Being a Republican pollster can bring grim tasks these days. More often than not, you have to deliver some measure of bad news to clients.
The responses of clients given bad news varies widely. Some nod in a knowing way; they expected it. Others get melancholy, while still others steel themselves for the fight of their life. These are reasonable responses to unfavorable polling.
But some clients can take a different tack altogether. These candidates act as if they are surprised by the bad news. “Yes, the Republican brand is damaged,” they acknowledge, “but I’m sure I’m weathering the storm,” they reason. “Everyone says I’m safe.” They exhibit incredible denial of reality and may even turn against the messenger, their loyal pollster. Or, to save their pollster’s credibility somewhat, they speculate, “It must be a bad sample.”
Of course, it could be a bad sample. Sampling theory allows that one in 20 surveys will be what a client once referred to as a “wild hair sample,” one that has a higher margin of error than the 95 percentile figure traditionally cited by pollsters. But it seems like there are more “wild hairs” sprouting these days than could be reasonably expected if sampling theory is really a science.
The doubtful client is also set off when the sample doesn’t seem to have enough Republicans. “A-ha!” they exclaim, “you undersampled Republicans! That’s why I did so poorly.” In states with permanent party registration, this could never occur. We can establish quotas by party registration and ensure that we get the proper number of registrants from each party.

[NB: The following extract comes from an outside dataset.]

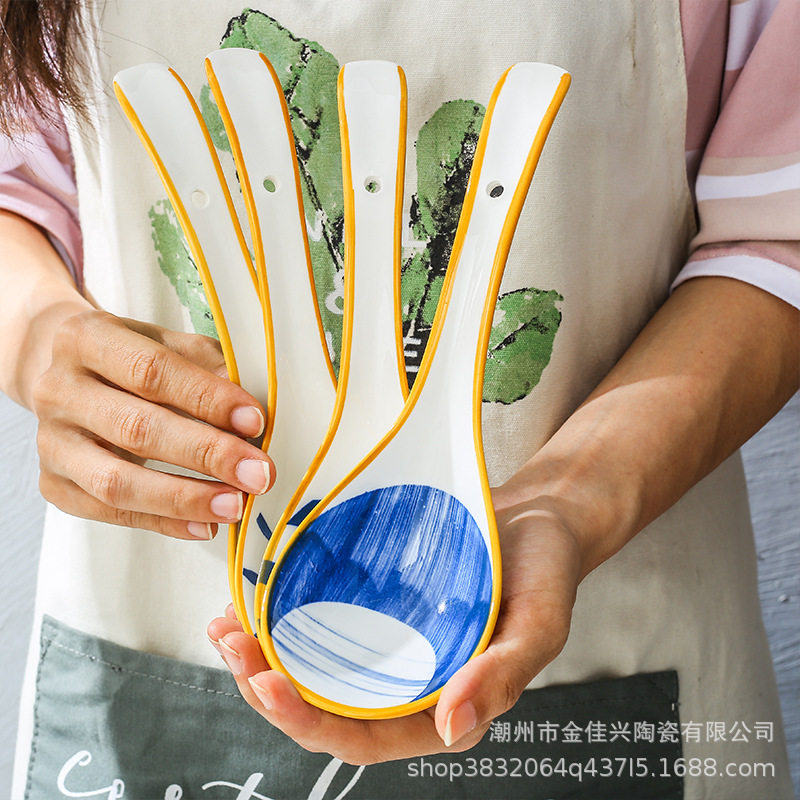陶瓷汤勺家用一人一勺日式小勺子瓢羹调羹女可爱饭勺吃拉面盛汤匙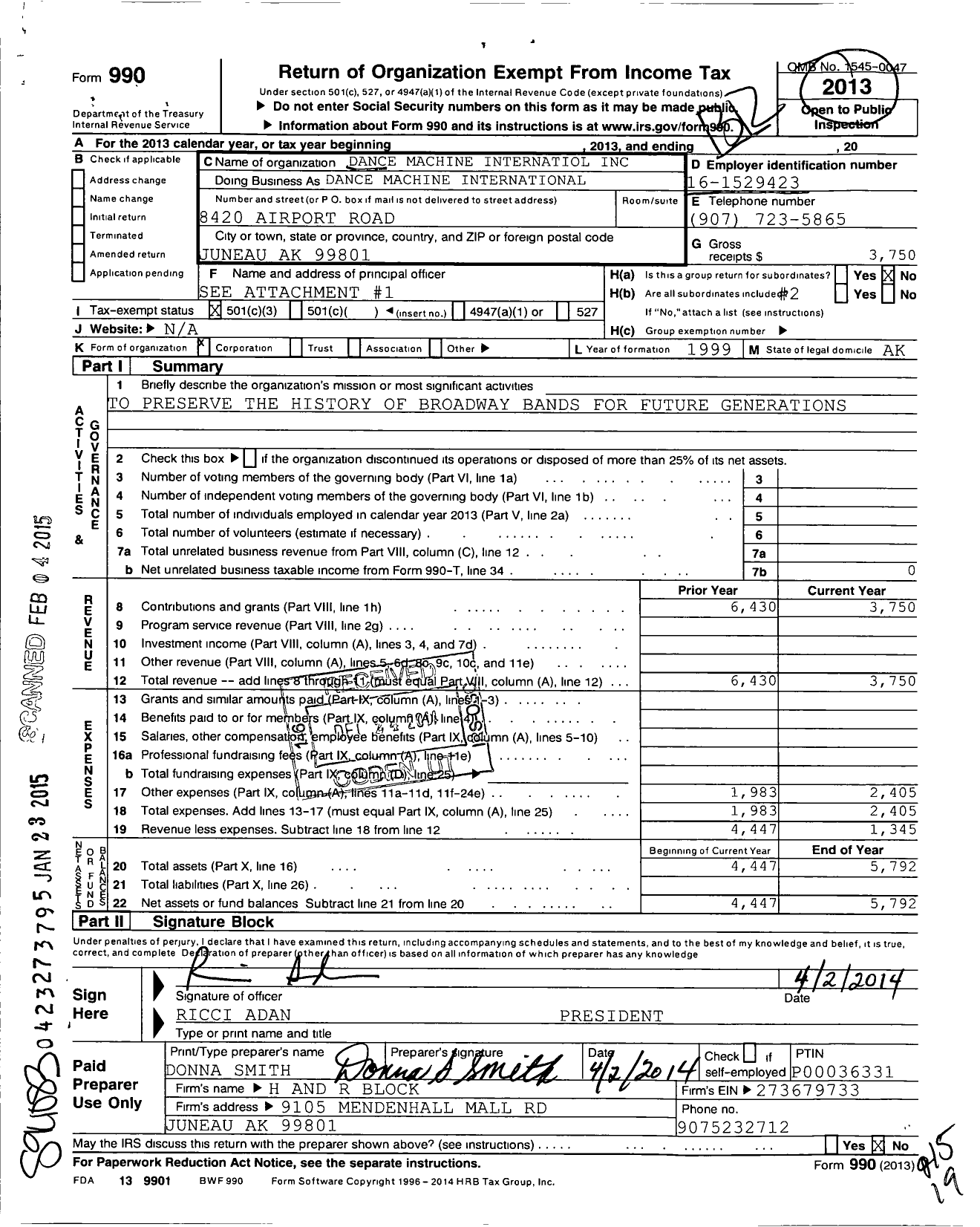 Image of first page of 2013 Form 990 for Dance Machine International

But in those states without permanent registration by party, like my Texas, it can be messy. In these states, pollsters have traditionally relied upon measures of partisanship, such as “Do you think of yourself as a Republican, Democrat or independent?” This sort of partisanship is too soft, we have learned in the past, to use when weighting samples to the proper percentages of partisans. Because voters tend to adjust their partisanship to achieve consistency with their anticipated voting behavior, people who would have told me four years ago, or even two, that they think of themselves as Republicans may now say they are independents, or in a few cases, Democrats, because they plan to vote for some non-Republicans.
We pollsters adjusted our questions to avoid the “floating voter” problem of partisanship in transition. So we started asking about something firmer than their current partisan identification. We ask about past voting behavior. “Regardless of how you plan to vote in the next election, in the past have you mostly voted for Republicans or Democrats or have you split your ticket?” The problem is that voters seem to change their reports of past generic voting behavior, too. So it’s hard to know how to weight your samples using partisanship.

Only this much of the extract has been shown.